University of Redlands President Ralph W. Kuncl writes to the community in wake of Saturday’s shooting at Chabad of Poway Synagogue, where a graduating U of R student lost a close family friend. Here is the text of his April 29 memo.
I write with tears in my eyes.
This weekend was a time of great joy for our community, as more than 1,400 graduates walked across the stage of the Greek Theatre in a milestone moment in their lives and the life of the University. As we unite in times of celebration, we also necessarily come together in moments of tragedy.
On Saturday, a member of the Chabad of Poway Synagogue, Lori Gilbert-Kaye, was gunned down in worship. Less than 24 hours earlier she had joined us at the University of Redlands commencement ceremonies, where she had proudly watched a close friend’s daughter graduate from the College of Arts and Sciences (CAS).
Ironically, my message at Friday’s CAS ceremony underlined our shared experiences, as well as the need to create a more compassionate world in which we can connect despite our differences. I also acknowledged a graduating senior whose grandparents were killed at the Tree of Life Synagogue in Pittsburgh a mere six months ago.
In those same remarks, “spark,” the power to ignite the ineffable in others, emerged as another theme. That word illuminates Lori Gilbert-Kaye herself, who was known for acts of kindness that sparked deep appreciation in others. That appreciation continues, as Rabbi Yisroel Goldstein gives her credit for saving him by putting herself in front of the gunman. Acknowledging her generous nature, her friend Roneet Lev declares that, “Her death must bring goodness to the world.”
It is up to us to bring that goodness to pass.
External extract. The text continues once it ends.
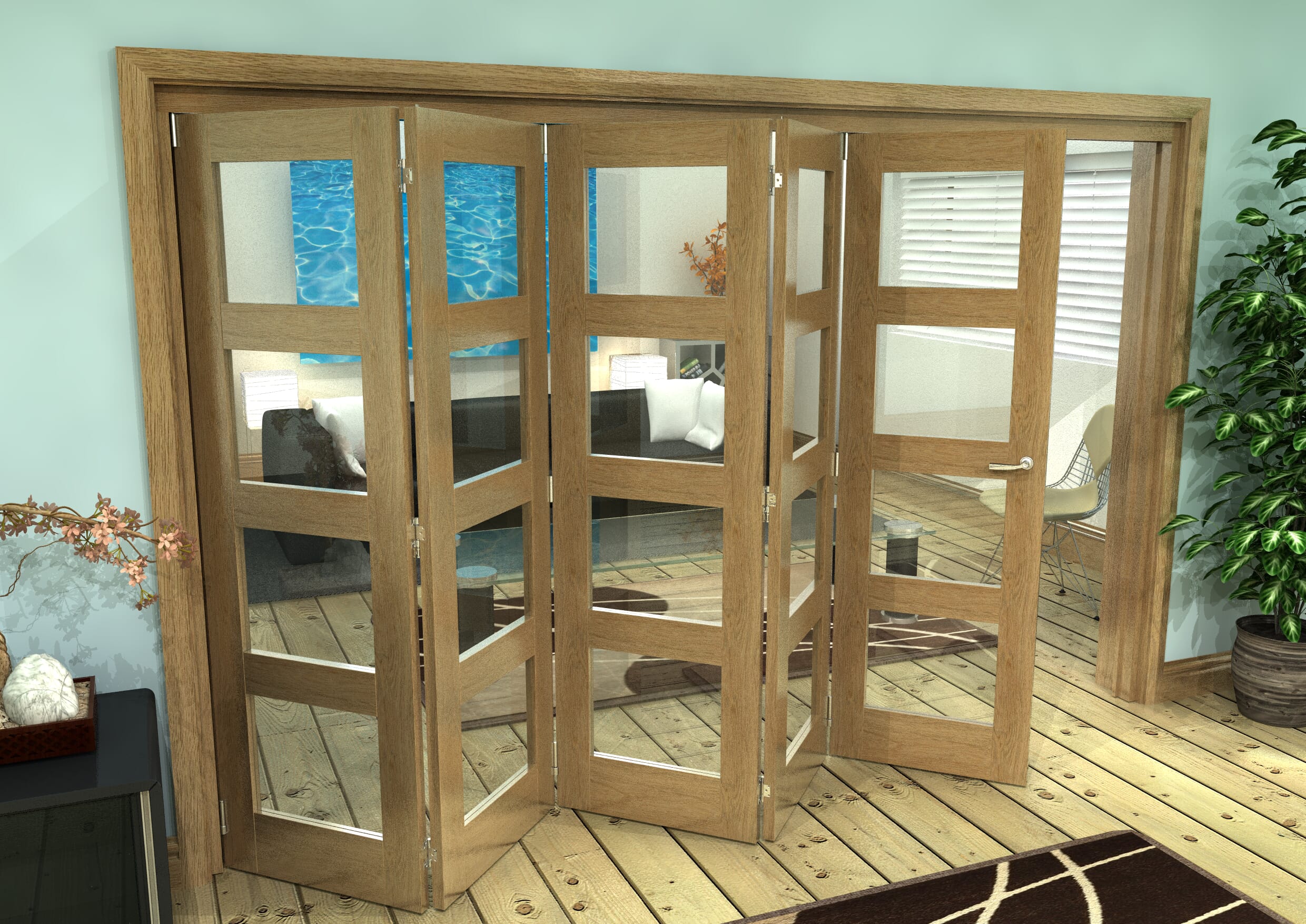 Glazed Oak Prefinished 5 Door 4L Roomfold Grande (5 + 0 x 686mm Doors)
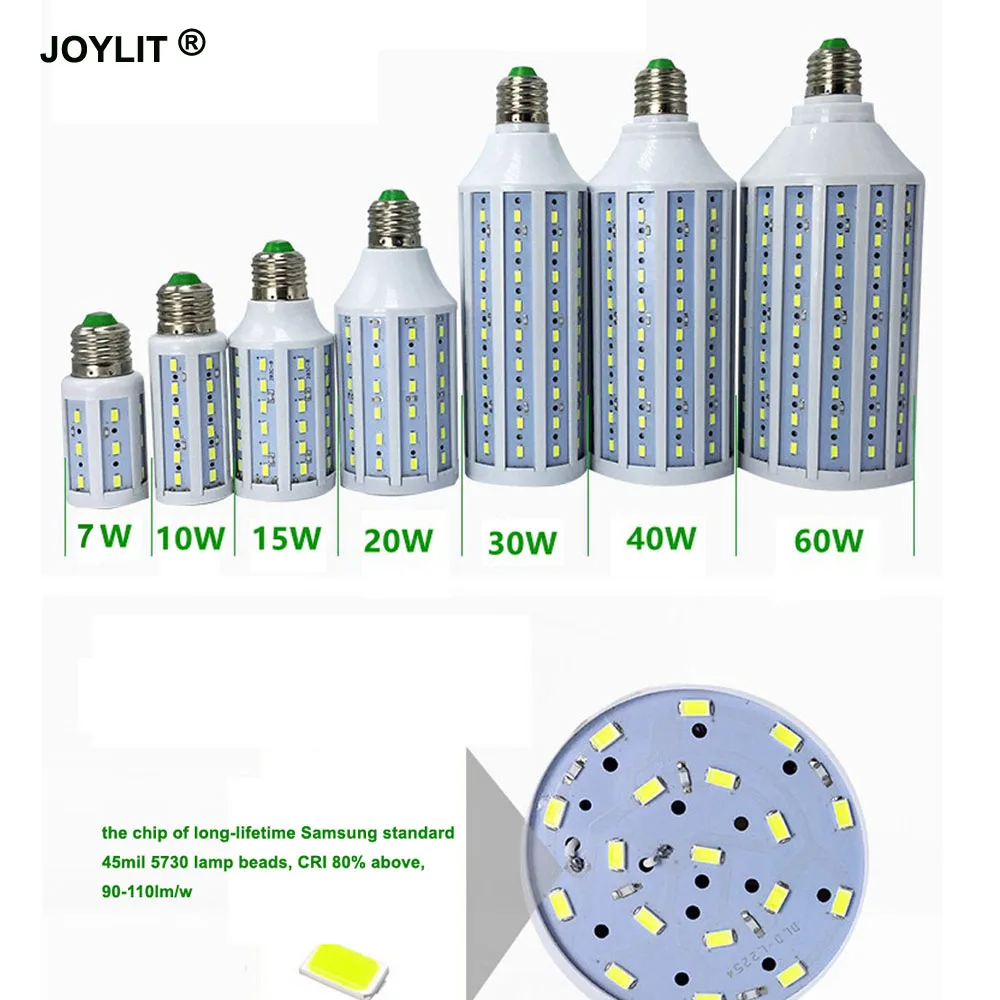 1 шт. DC 12 В AC/DC 60 в 7 Вт 10 15 20 30 40 E27 E14 B22 36 светодиодные лампы кукуруза smd 5730 Свет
We must strengthen our resolve to resist the rising tide of intolerance, hate, and anti-Semitism. We must stand up against hate crimes and speak out against the hate speech that often precedes it. We must courageously confront the senseless deaths in the epidemic of gun crimes in America, where even houses of worship consider their need for armed guards.
In coming together, people of conscience can begin to make a difference. I, for one, am more than ready for something different. Chaplain John Walsh invites members of the community to this afternoon’s Monday Prayers for Peace at 4 p.m. at the Labyrinth at Memorial Chapel. A peace candle will be lit at 4:05 p.m.
As always, I encourage you to seek support if feelings become a burden that requires extra help. Counselors can be reached 24/7 by calling 909-748-8960, or you may make an appointment at the Counseling Center on the Redlands campus by calling 909-748-8108; the Center is open 8 a.m. to 5 p.m., Monday through Friday.
On behalf of our community, to our student, to those injured, and to all of those affected by this heinous act of violence, I send our heartfelt condolences and reiterate our determination to bring goodness to the world.